Updated: September 12, 2013 6:09AM
Chicago’s LGBTQ businesses have overcome the same types of institutionalized discrimination as other minority groups, persevering in the face of police raids and bureaucratic hassles until they gained enough clout to fight back.
Timothy Stewart-Winter, a former Andersonville and Edgewater resident who got his doctorate at the University of Chicago and now teaches history at Rutgers University in Newark, N.J., is writing a book about the rise of urban gay politics in Chicago, in which he says running a small business catering to gays or lesbians “used to entail so many additional risks, you had to have unusual courage or mob connections or both.”

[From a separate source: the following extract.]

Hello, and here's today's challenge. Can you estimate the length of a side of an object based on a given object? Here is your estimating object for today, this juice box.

He credits the late Mayor Harold Washington with providing an unexpected “crucial turning point” in allowing the LGBTQ community to emerge as a political force.

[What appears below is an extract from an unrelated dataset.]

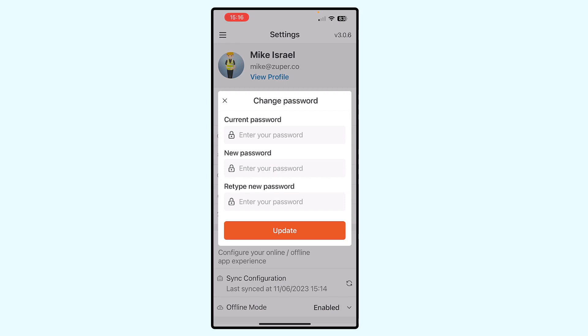Password will be changed and updated. The next time you log in, you will have to use your new password. Thanks for listening, and other videos will follow.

“Designating Boystown as the center of gay Chicago politics helped mobilize a particular kind of gay voter — often, though not always progressive, even as it marginalized queers of color,” he said.
“Boystown’s political empowerment made gays and lesbians into a voting bloc that City Hall just couldn’t ignore,” Stewart-Winter said. Timing mattered too. Starting in the 1980s, politicians started recognizing that bar owners could play a key role in mobilizing gay voters, particularly in the 44th, 46th and 48th wards where some of the only wards were up for grabs during the “Council Wars” era.
And while today’s openness to LGBTQ businesses is a given, especially among young people, Stewart-Winter says many more gay businesses are owned by men than by women, and some corporate advertising continues to reinforce stereotypes of gay affluence.